A recent survey conducted with grades 7-12 of over 100 students gleaned many interesting findings in regards to technology. Nearly 83 percent of students said that having Chromebooks in school has made completing their classwork better and several shared their reactions.

“I like being able to just pull my Chromebook out of my backpack whenever I need to search something up for a class. It is also really easy to submit essays,” explained Karley Ieraci, a sophomore at JV.

Even though the addition of Chromebooks in JV has made some of the students’ lives easier, other students feel as though Chromebooks have made their life more difficult. “I think having a Chromebook is stressful. The internet does not always work and submitting homework is always a hard task to accomplish. I wish we could just go back to paper,” explained senior Hope Lowe.

Teachers are also involved in the debate on whether or not the advancement of technology has been a good thing or a bad thing. Those who have taught at JV whenever students did not really have cell phones, and whenever there was no need to set up their computer to their projector, generally express negative feelings towards the subject.

“I think that technology has made it harder at times for older teachers,” explained science teacher Mike Smith. “If you have been teaching for 25 or 30 years, it may be a little more difficult to learn how to use technology because those teachers were not brought up using modern technology when they were in high school or college.”

However, other teachers feel that the advancement in technology has been a good thing. Teacher Bill Musser stated that, “the advancement has been a positive for the education of the students and technology has made the grading process much more efficient.”

Art teach Ann Rahoi also commented: “I feel that for the most part, technology has been a positive for students. It has opened up students to a vast world of resources. We now incorporate technology into lessons every day without having to schedule a lab or give it much thought.”

Disciplinary wise the Chromebooks add one more things teachers have to be conscientious of. Teachers have to constantly check if the students are using their Chromebooks in an educational way or not. But, as teacher Andra Minor stated: “Monitoring Chromebooks is pretty much the same thing as walking around the room to check in on students. The benefit of the Chromebook is everything the students do and everywhere they visit is logged, so if I feel a student isn’t using it properly I ask the tech office to check in.”

Some students reported in the survey that they face struggles with submitting homework assignments online. Approximately 52.1 percent of JV students would rather do homework on paper than on their chromebooks. An anonymous quote from a JV student from the survey explained: “I believe pen and paper is better. Our technology helps with research and studying techniques, but notes are my favorite form of working.”

Meanwhile, another anonymous student reported: “I like being more paperless.
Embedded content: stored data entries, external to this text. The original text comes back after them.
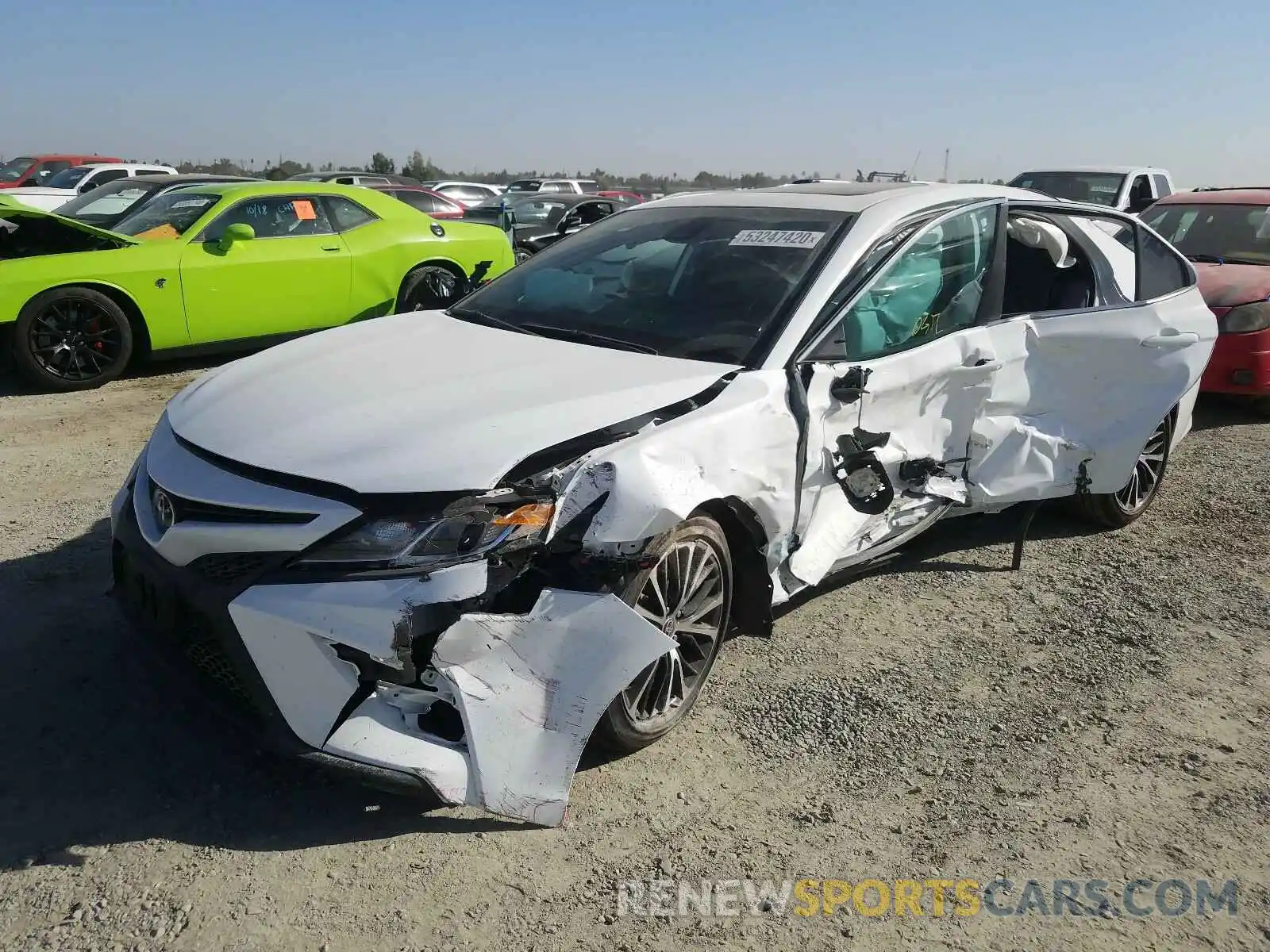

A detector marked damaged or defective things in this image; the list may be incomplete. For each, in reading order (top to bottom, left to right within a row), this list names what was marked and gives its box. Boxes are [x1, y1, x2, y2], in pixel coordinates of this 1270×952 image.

crumpled bumper [110, 482, 673, 825]
broken headlight [298, 501, 556, 568]
shattered body panel [114, 186, 1213, 825]
multiple wrecked vehicles [112, 180, 1219, 825]
damaged passenger door [784, 201, 1003, 587]
damaged passenger door [965, 202, 1213, 505]
broken headlight [1219, 305, 1270, 338]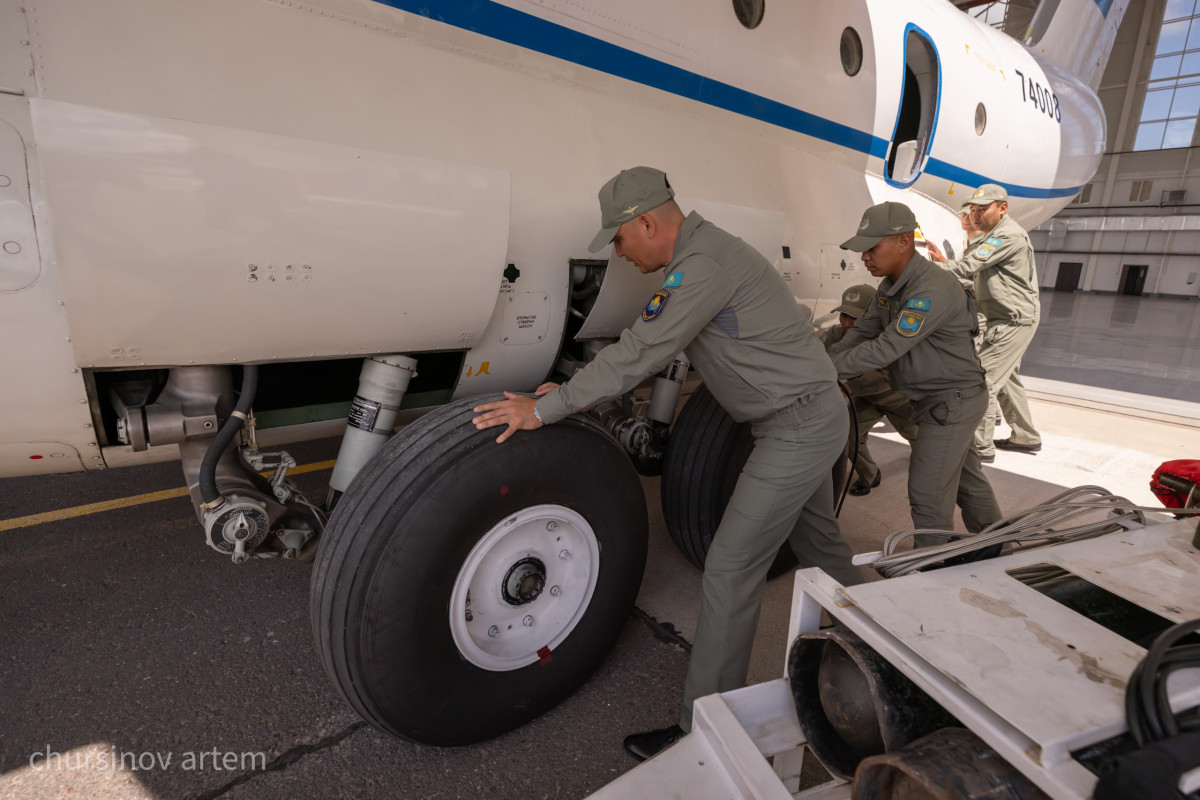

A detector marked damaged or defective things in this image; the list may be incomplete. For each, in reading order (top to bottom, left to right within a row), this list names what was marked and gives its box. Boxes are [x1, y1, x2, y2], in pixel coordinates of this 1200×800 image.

crack in asphalt [628, 606, 696, 652]
crack in asphalt [192, 719, 367, 800]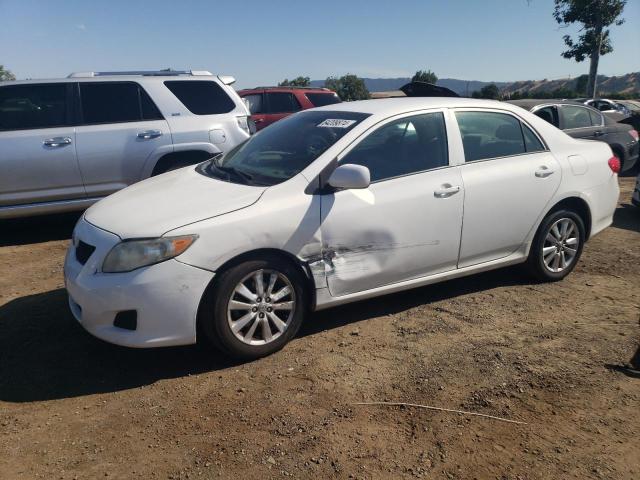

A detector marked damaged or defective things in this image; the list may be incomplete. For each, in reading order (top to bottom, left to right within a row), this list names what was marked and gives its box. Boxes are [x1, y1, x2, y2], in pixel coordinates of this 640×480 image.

dented door panel [322, 168, 462, 296]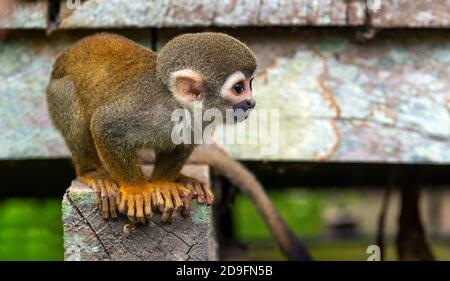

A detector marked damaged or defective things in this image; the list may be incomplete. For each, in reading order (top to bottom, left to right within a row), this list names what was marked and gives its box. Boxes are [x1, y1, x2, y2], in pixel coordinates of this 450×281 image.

rusted metal sheet [0, 0, 47, 28]
rusted metal sheet [58, 0, 368, 28]
rusted metal sheet [370, 0, 450, 27]
rusted metal sheet [158, 28, 450, 163]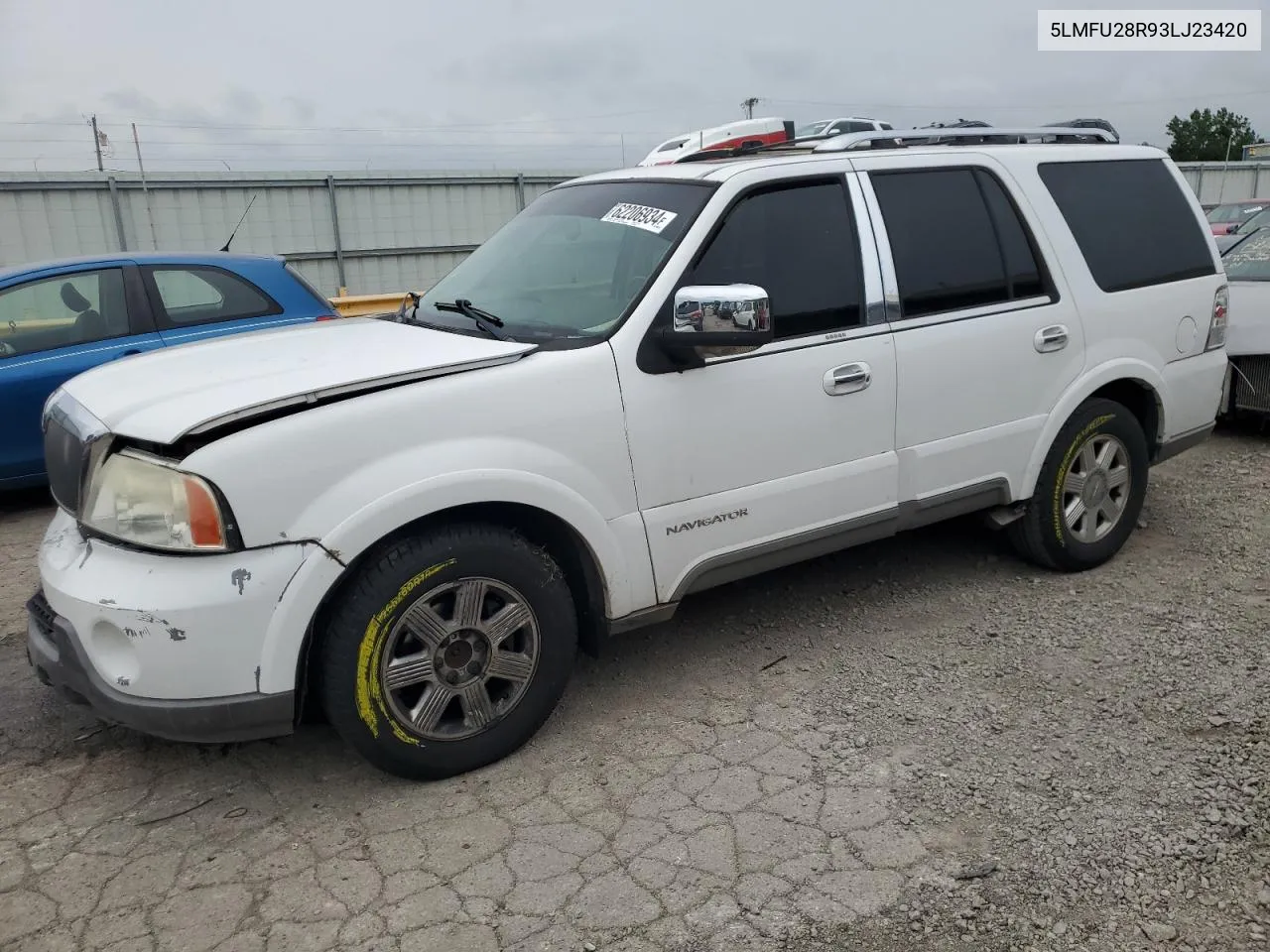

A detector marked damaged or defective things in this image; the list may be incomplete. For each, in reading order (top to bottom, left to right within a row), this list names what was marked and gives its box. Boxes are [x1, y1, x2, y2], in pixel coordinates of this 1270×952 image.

damaged hood [61, 315, 536, 442]
cracked bumper [26, 587, 296, 746]
cracked bumper [28, 508, 306, 742]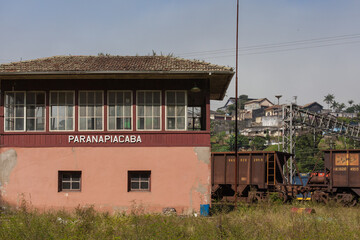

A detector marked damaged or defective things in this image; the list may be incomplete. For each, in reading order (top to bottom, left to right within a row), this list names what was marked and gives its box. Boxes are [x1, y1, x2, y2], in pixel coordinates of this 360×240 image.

rusty railcar [211, 152, 300, 202]
rusty railcar [306, 149, 360, 205]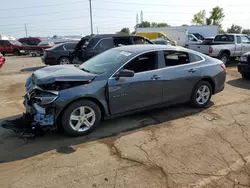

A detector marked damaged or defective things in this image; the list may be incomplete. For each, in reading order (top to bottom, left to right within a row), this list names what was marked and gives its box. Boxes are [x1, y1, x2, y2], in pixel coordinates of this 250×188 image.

crumpled hood [32, 65, 96, 85]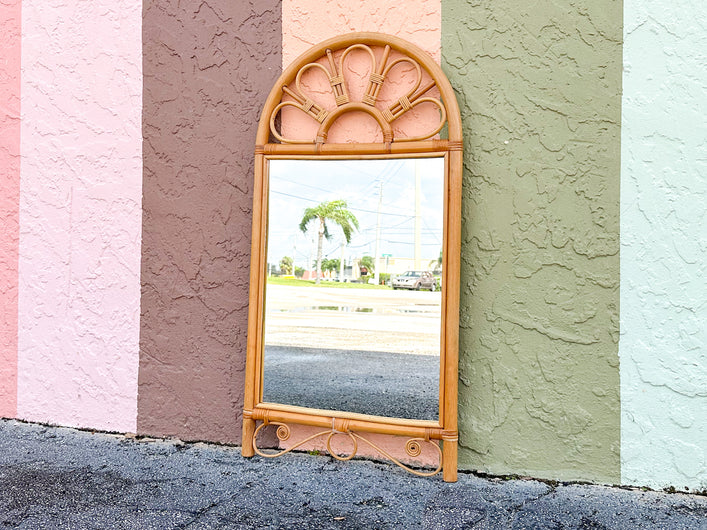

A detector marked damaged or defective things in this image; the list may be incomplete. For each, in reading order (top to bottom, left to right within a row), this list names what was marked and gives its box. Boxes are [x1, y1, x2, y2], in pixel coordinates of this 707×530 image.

cracked asphalt [1, 418, 707, 524]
I know all of my assignments are saved in my computer and I can’t lose things. It has helped me be more organized.”

Outside of Chromebooks, other forms of technology like smart phones are also making an impact in classrooms and not always for the good. Many teachers report that students are easily distracted by their phones in class. “I dislike having cellphones in class,” commented Smith. “It has become a major distraction for students. It makes teaching very difficult at times,” explained Smith.

On the other hand, some teachers like Musser don’t report many issues with cellphones. “Most of the students respect me as a teacher when I request the cell phones to be put away,” he explained.

In the survey completed by the JV students, 26.6 percent of the students admitted to sneaking their phones in class while 89.7 percent of students said that they do not find any of their technology distracting in class. This bodes well for the teachers.

Some teachers also reported that technology can foster cheating in class and on assignments. Different websites, and PDFs, are sometimes an avenue for students to copy work. They are able to easily get on these links with their phones and Chromebooks to find worksheets and test answers. In light of this, many teachers still give assessments the old fashioned way: on paper.

The one thing it seems teachers and students can all agree on is that technology has changed how the average school day functions. Everyone use technology and incorporates it the best way they know how.

In the education industry, technology is now always changing and advancing. For some people, it is hard to grasp new concepts, but for others, it is exciting to learn about new apps and different forms of technology. With the ever changing world we live in today, who knows what the next advancements and reactions will be.